1.8 Bayesian inference for linear models

\( \newcommand{\bm}[1]{\boldsymbol{\mathbf{#1}}} \DeclareMathOperator{\tr}{tr} \DeclareMathOperator{\var}{var} \DeclareMathOperator{\cov}{cov} \DeclareMathOperator{\corr}{corr} \newcommand{\indep}{\perp\!\!\!\perp} \newcommand{\nindep}{\perp\!\!\!\perp\!\!\!\!\!\!/\;\;} \)

Bayesian inference for the parameters \((\beta,\sigma^2)\) of a linear model requires computation of the posterior density. Bayes theorem gives us \[ f(\beta,\sigma^2 \mid y) \propto f(y \mid \beta,\sigma^2)\,f(\beta,\sigma^2) \] where the likelihood \(f(y \mid \beta, \sigma^2)\) is given by (1.4) as \[ f(y \mid \beta,\sigma^2)=\left(2\pi\sigma^2\right)^{-{n\over 2}} \exp\left(-{1\over{2\sigma^2}} \sum_{i=1}^n (y_i-x_i^T\beta)^2\right). \]

Posterior computation is straightforward if the prior density \(f(\beta,\sigma^2)\) is conjugate to the likelihood, which, for a linear model, is achieved by the prior decomposition \[ \sigma^{-2}\;\sim\; {\rm Gamma}(a_0,b_0),\qquad \beta\,|\,\sigma^2\;\sim\; N(\mu_0, \sigma^2V_0) \] where \((a_0,b_0,\mu_0,V_0)\) are hyperparameters, whose values are chosen to reflect prior uncertainty about the linear model parameters \((\beta,\sigma^2)\).

With this prior structure, the corresponding posterior distributions are given by \[ \sigma^{-2}\;\sim\; {\rm Gamma}(a_0+n/2,b),\qquad \beta\,|\,\sigma^2\;\sim\; N(\mu, \sigma^2V) \] where \(V=(X^TX+V_0^{-1})^{-1}\), \(\mu=V(X^Ty+V_0^{-1}\mu_0)\) and

\[\begin{align*} b &= b_0+{1\over 2}\left( y^Ty + \mu_0V_0^{-1}\mu_0 - \mu V^{-1}\mu \right)\\ &= b_0+{1\over 2}\left\{ [n-p-1]s^2+\left[\mu_0-\hat\beta\right]^T\left [V_0+(X^TX)^{-1}\right]^{-1} \left[\mu_0-\hat\beta\right] \right\} \end{align*}\] if \(X^TX\) is non-singular, where \(\hat\beta\) and \(s^2\) are the classical unbiased estimators given above.

In applications where prior information about the model parameters \((\beta,\sigma^2)\) is weak, it is conventional to use the vague prior specification given by the improper prior density \[ f(\beta,\sigma^2)\;\propto\;\sigma^{-2}. \] This corresponds to the conjugate prior above with \(a_0=-(p+1)\), \(b_0=0\) and \(V_0^{-1}=0\).

Exercise 4: Show that, for this choice of hyperparameters, the posterior mean of \(\beta\) is given by the least squares estimator \(\hat\beta\).
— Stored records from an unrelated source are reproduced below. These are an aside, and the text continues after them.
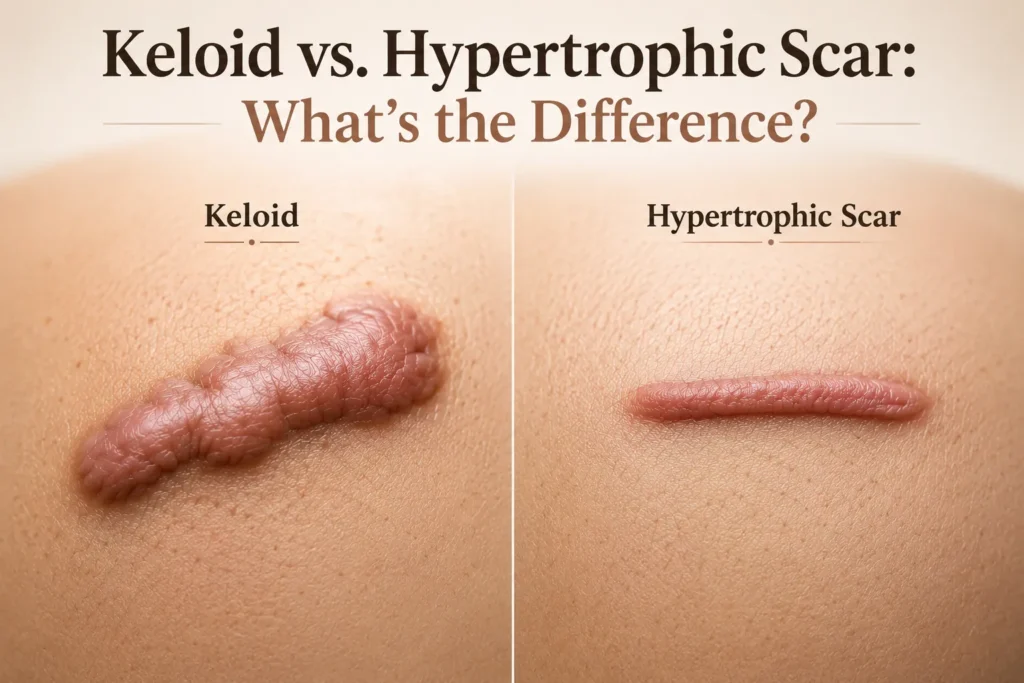Keloid vs. hypertrophic scar comparison Irvine, CA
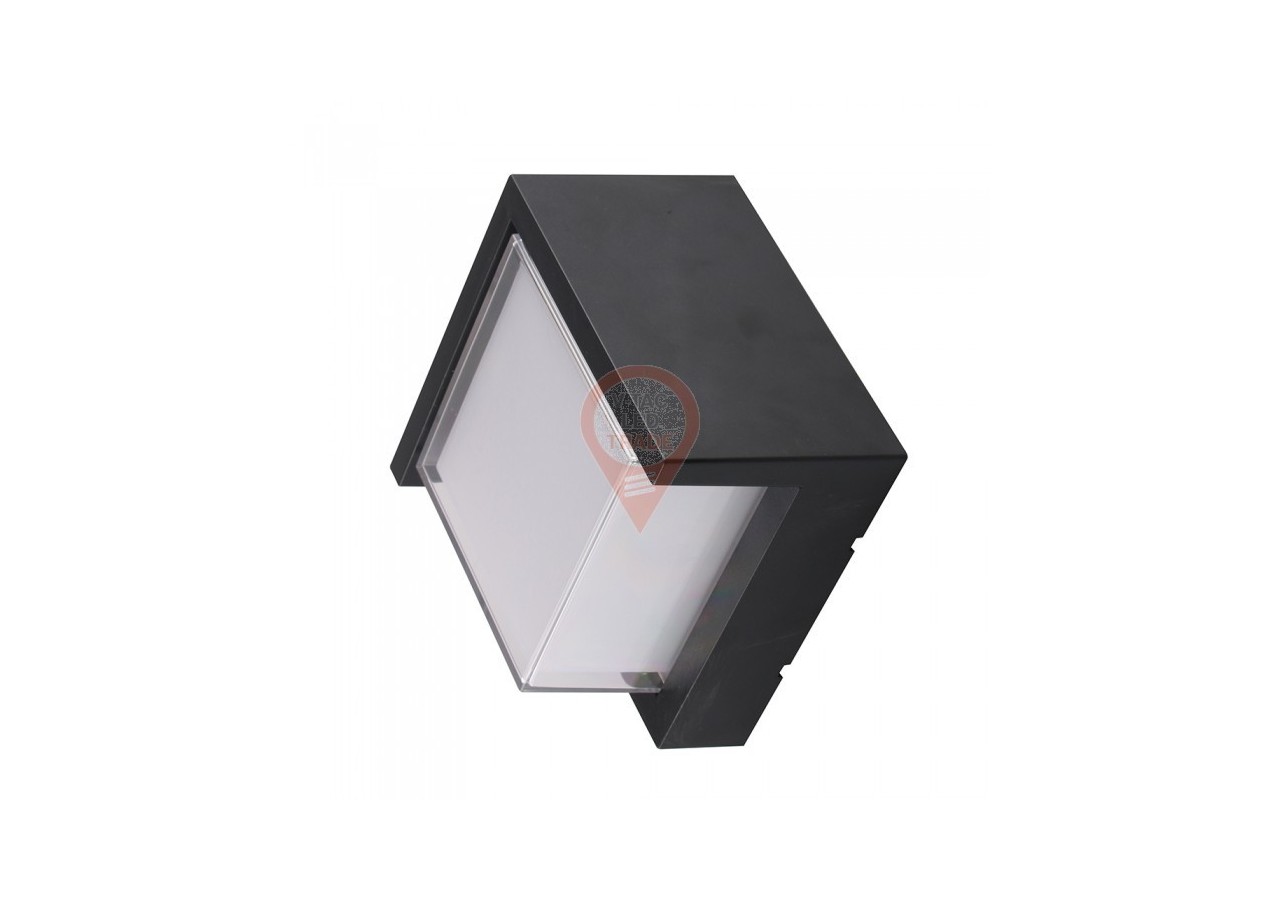 Applique LED 12W Sami-Frame Carrée Noire 4000K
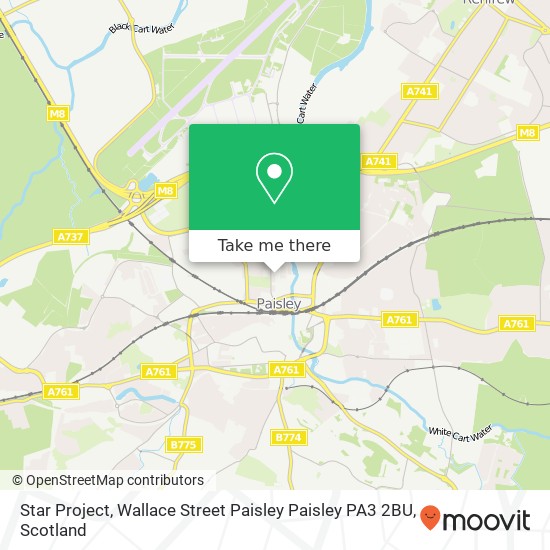 Star Project, Wallace Street Paisley Paisley PA3 2BU map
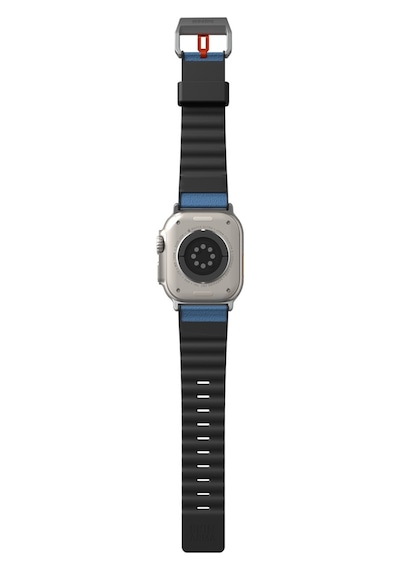 Watch 44mm Uyumlu Kordon Skinarma Spunk Serisi Pu Deri Strap Kayış Mavi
Show also that, a posteriori, \(1/\sigma^2\) has the distribution of \(X^2/[s^2(n-p-1)]\) where \(X^2\) has a \(\chi^2_{n-p-1}\) distribution. Hence show that posterior probability intervals for \(\sigma^2\) are equivalent to confidence intervals based on the sampling distribution of \(s^2\).

For a longer exercise, show that \((\beta-\mu)/\sigma\) has a multivariate normal posterior marginal distribution, independent of \(\sigma^2\), and hence that posterior probability intervals for a coefficient \(\beta_k\) are equivalent to the confidence intervals based on the sampling distribution of \((\hat\beta_k-\beta_k)/s.e.(\hat\beta_k)\) derived in Section 1.4 above.